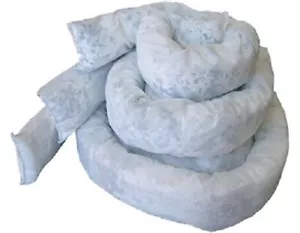 GLOBAL SPILL Oil & Fuel Spill Absorbent Boom Sock 3.6m x 7.5cm (22L Capacity) (C - Picture 1 of 1
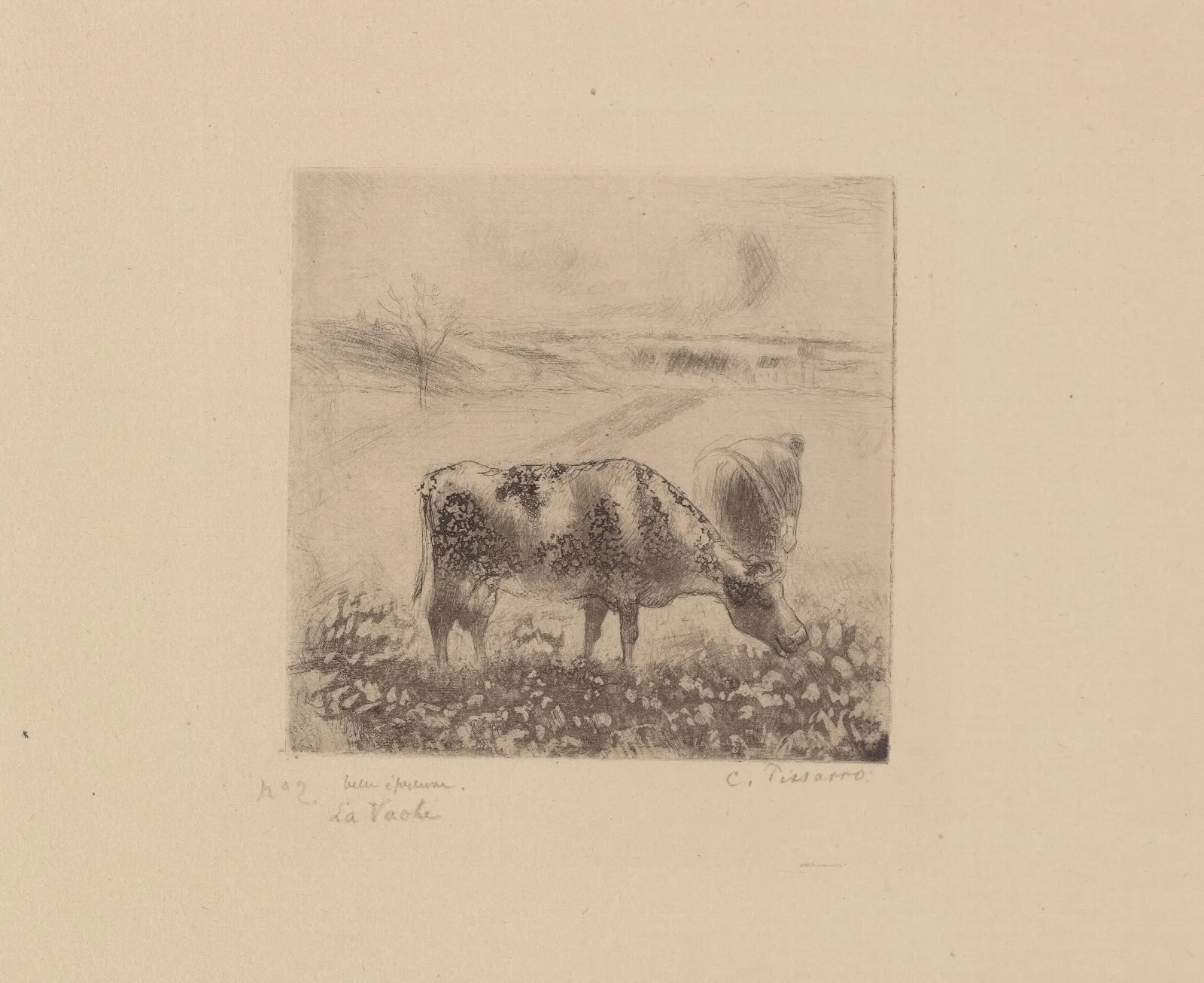 La Vache Wall Art by Camille Pissarro - Canvas Print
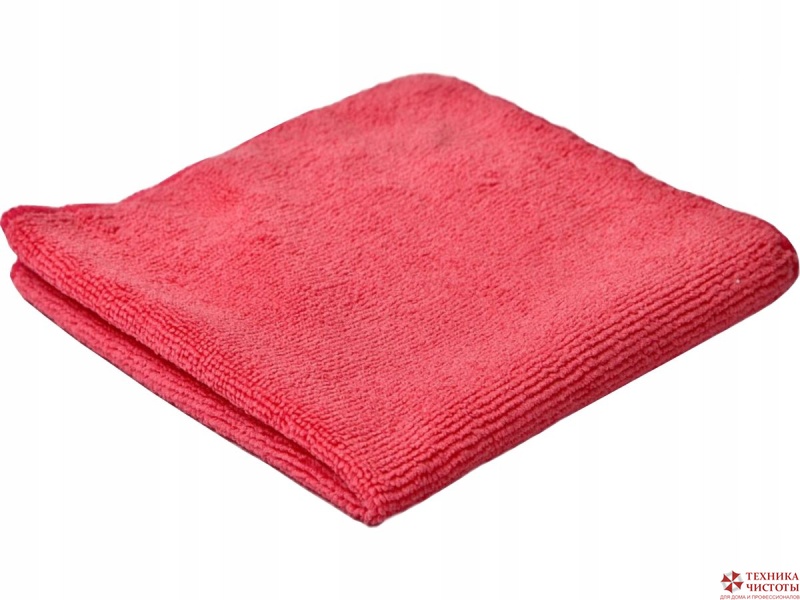 Салфетка для пола из микрофибры 50х80 см,320 г/м2,красная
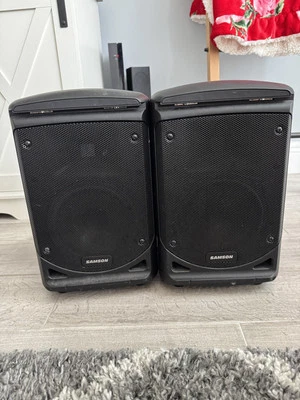 Samson Expedition XP300 300w Portable 6" Bluetooth PA DJ Speakers+Mixer+Mic - Image 1 of 2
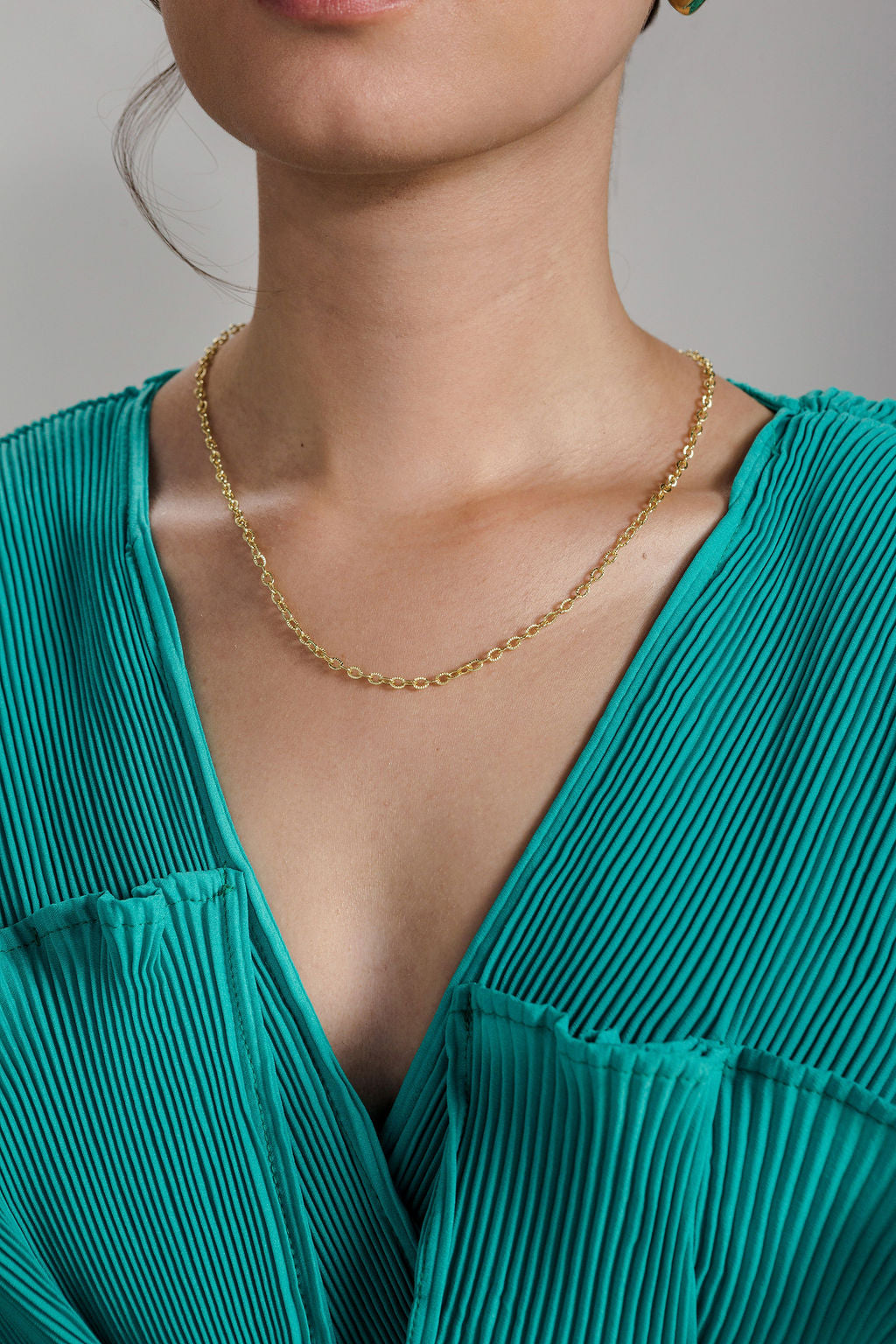 Small Oval Link Chain 18K Gold-Filled | Silver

---

## What is expected
For the records above, output each one exactly and skip any image.

## Task answer
 GLOBAL SPILL Oil & Fuel Spill Absorbent Boom Sock 3.6m x 7.5cm (22L Capacity) (C - Picture 1 of 1
 La Vache Wall Art by Camille Pissarro - Canvas Print
 Салфетка для пола из микрофибры 50х80 см,320 г/м2,красная
 Samson Expedition XP300 300w Portable 6" Bluetooth PA DJ Speakers+Mixer+Mic - Image 1 of 2
 Small Oval Link Chain 18K Gold-Filled | Silver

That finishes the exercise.